I had several garden books that I read to plan the layout.  I wanted to be able to walk a path as a old lady amongst the shade trees I planted.  We were just at the stage of installing the path.  I had found these wonderful large compressed sandstone rocks that we were placing for the path bit by bit.  Sandstone is lighter to carry and these were reddish like the brick of the house.  I have been using just about anything I could find so far as the yard can get really sticky sinking muddy when it rains here.  We have no rocks in the soil and the soil is clay, as any top soil that forms is washed away readily with the heavy rains we can get.  

I lined all the gardens with plastic staked borders and shale to hold them in place.  And it really works!  This yard seems to turn to water when it rains and just about anything you have done to it is lost after about three years. Then I created this little stream that carries all the runoff to the street.  I put in a koi pond out the dining room window as it was always wet there.  Again DH had to help me as I was just not strong enough.  The first concrete I laid failed because I didn't mix it enough and I had to take it up and ask for help.

After the little stream was dug out and proved I began lining it with that ground cloth and covering the ground cloth with larger pebbles.  It held really well during the hurricane,  a little clay came into the stream but it washed out readily.

I found that these large flat round planters really hold a lot of flowers and can be elevated or staged to make a really, really pretty garden. That is what you can see if you saw any of the pansies pix I use to have up.  I am going to plant pansies again and will really love looking at them from the kitchen window.  The little birds eat the seeds and I find little pansies everywhere the birds have been in the garden.  I love that!  I don't really want a formal garden, but I would like one that looked like I made it and it didn't just sort of spring up.  Although I do let a lot of the volunteer plants stay where they come up.

Linda, September 21, 2008, goodbye Ike don't let the door hit you in the backside!

   

Oh my gosh!  Went out this moring to water what's left of the garden and there were two new emergent butterflies.
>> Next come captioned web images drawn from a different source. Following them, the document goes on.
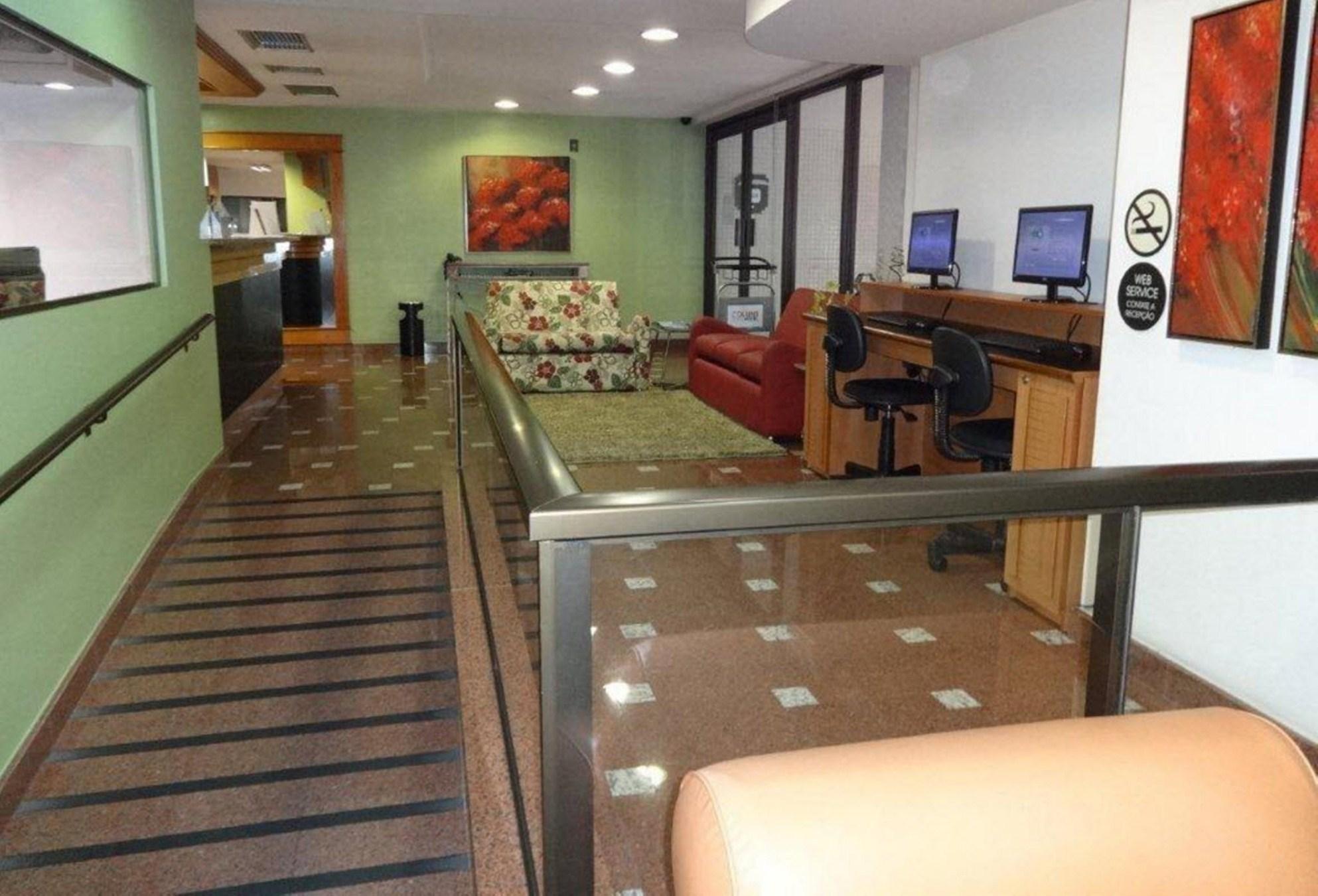Collins Trade Hotel بورتو أليغري المظهر الخارجي الصورة
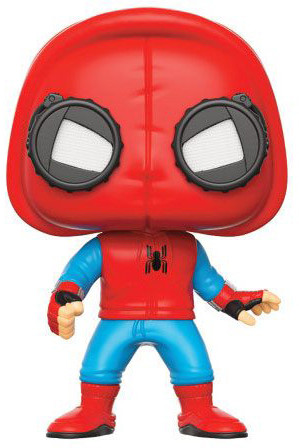 POP! Vinyl Spider-Man Homecoming - Spider-Man (Homemade Suit)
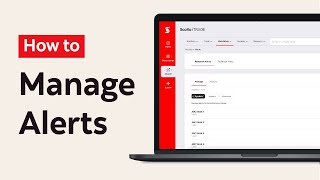 How to manage alerts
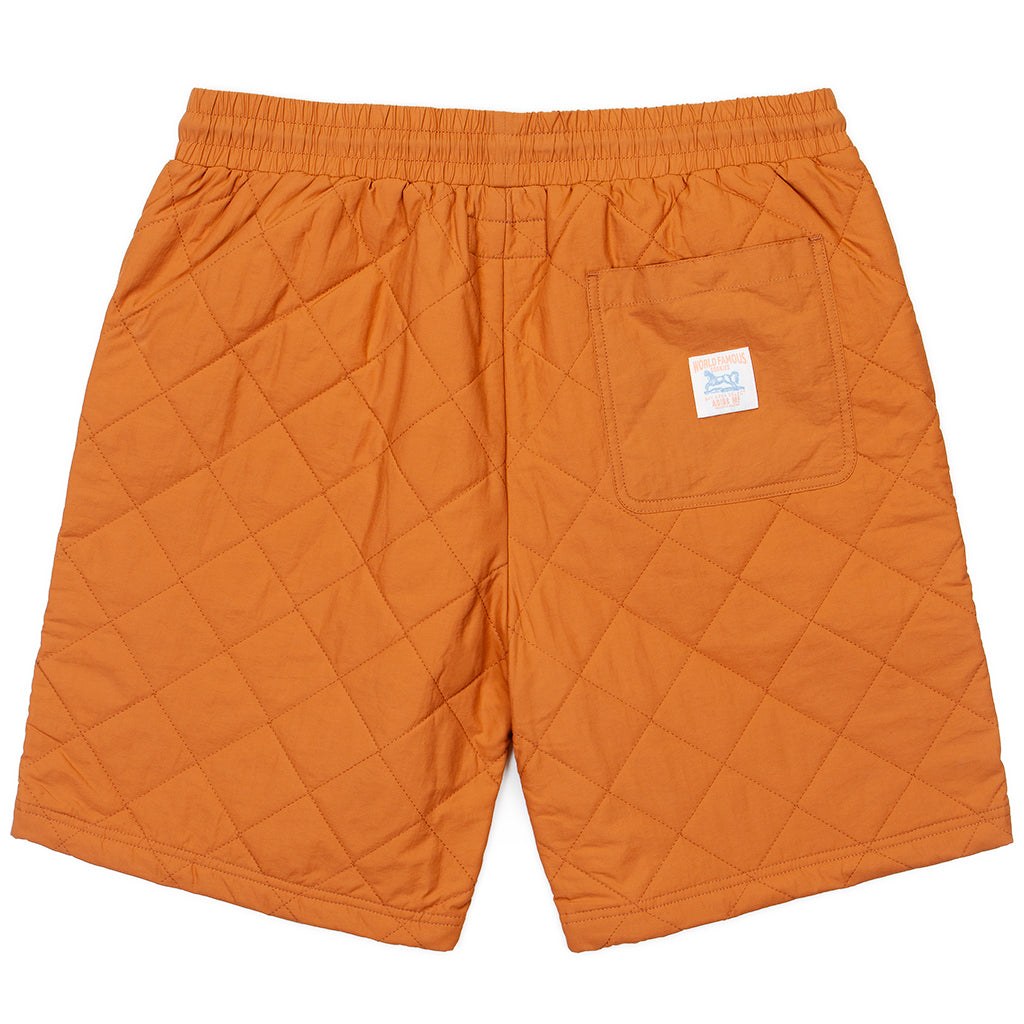 Workwear Quilted Nylon Short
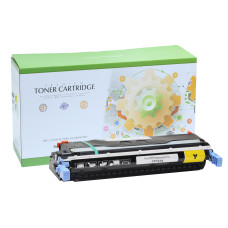 картридж Static Control восстановленный HP C9732A (645Y) yellow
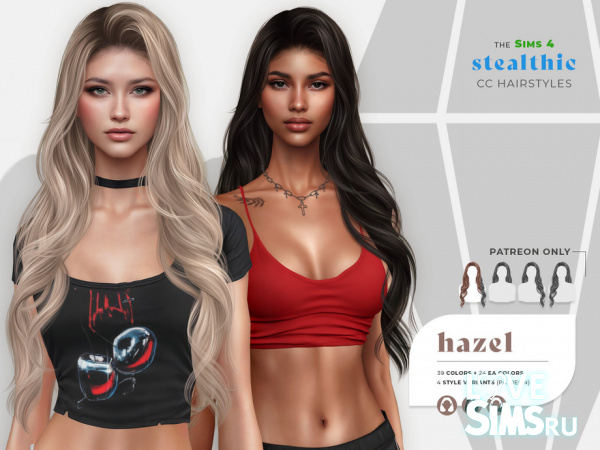 Прическа Hazel от Stealthic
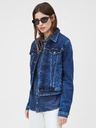 Pepe Jeans Modrá dámská džínová bunda Pepe Jeans Core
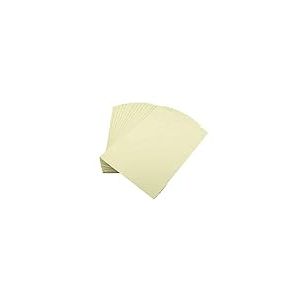 House of Card & Paper A4 220 gsm - Carton coloré - Crème (Lot de 100 feuilles)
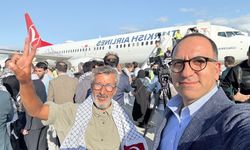 Sumud Filosu Kahramanlarından Gazeteci Yavuz, Türkiye’ye geldi…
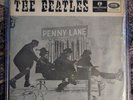 The Beatles Penny Lane Singapore EP - Incredibly Rare In Any Condition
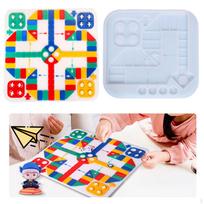 Soft Toys Silicone , Board Game Chess Battle Accessories Geometric Resin Tool for Boys Children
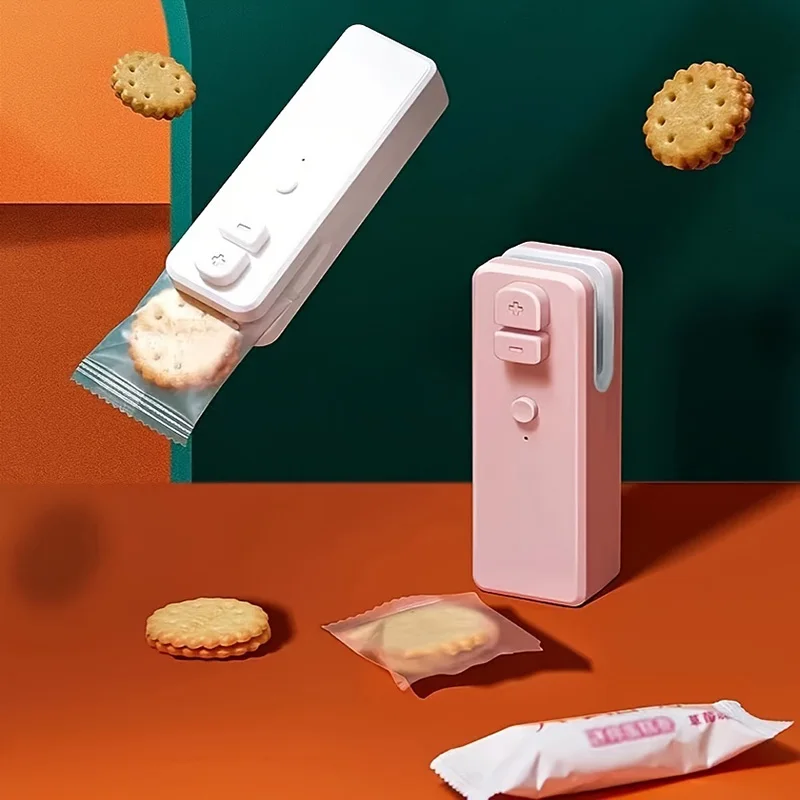 Xiaomi Food Sealing Machine Portable Home Vacuum Kitchen Electric Packaging Machine Food Vacuum Sealing Machine Kitchen Tools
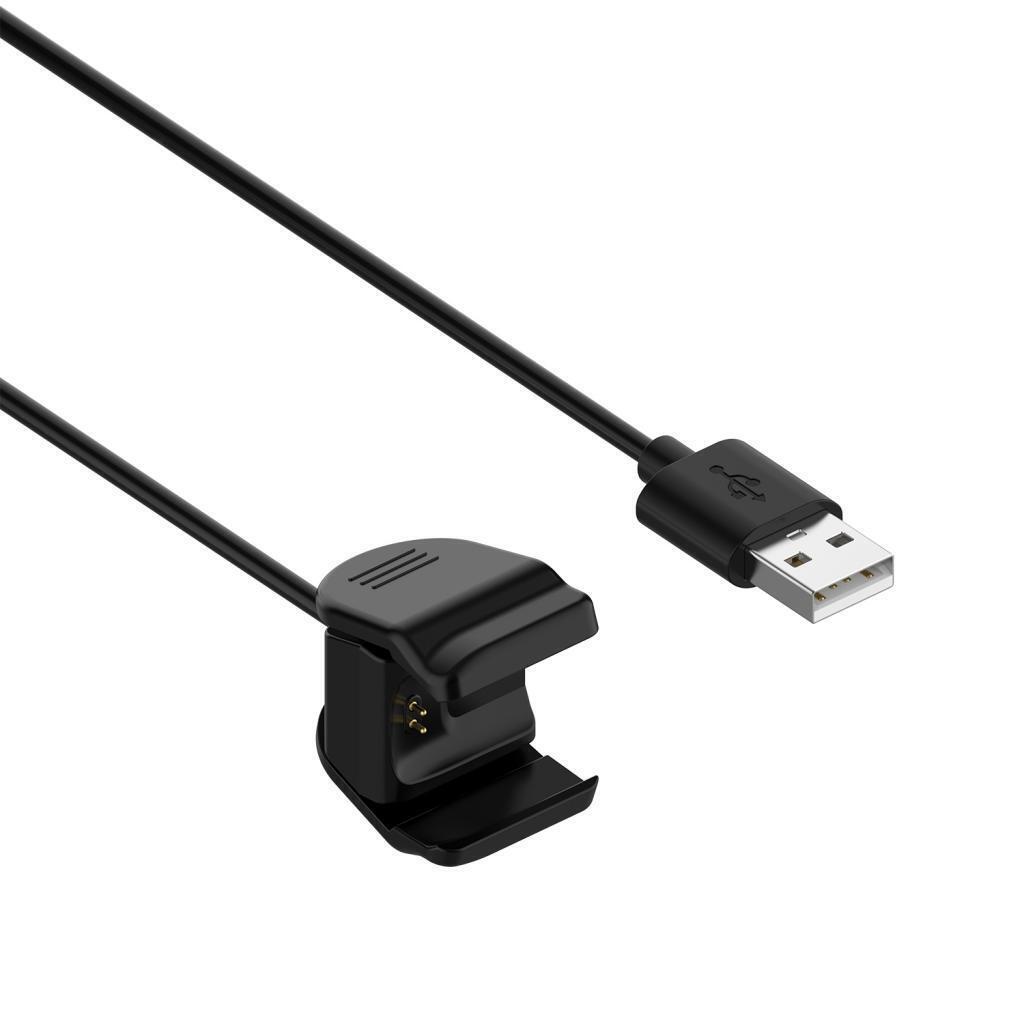 Black Replacement USB Charging Cable Cord 1m Charger Clip for OPPO Band New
They were fat catepillars last week!

I made this habitat about three weeks ago and suddenly the butterfly are emerging. This habitat is washable and expandable with a long zipper to release the butterflies you can see a part of it on the bottom left side. It's washable and has an elastic band around the bottom of it to keep it snug against the planter and keep out the pest. I put pencil erasers on some stakes and I can move these around as needed, you see them they are pink and one is right in the center of the pix.

Anyways last week I released this little guy, he flew by my head so fast I never could find him again. But I had a pix of him in the habitat.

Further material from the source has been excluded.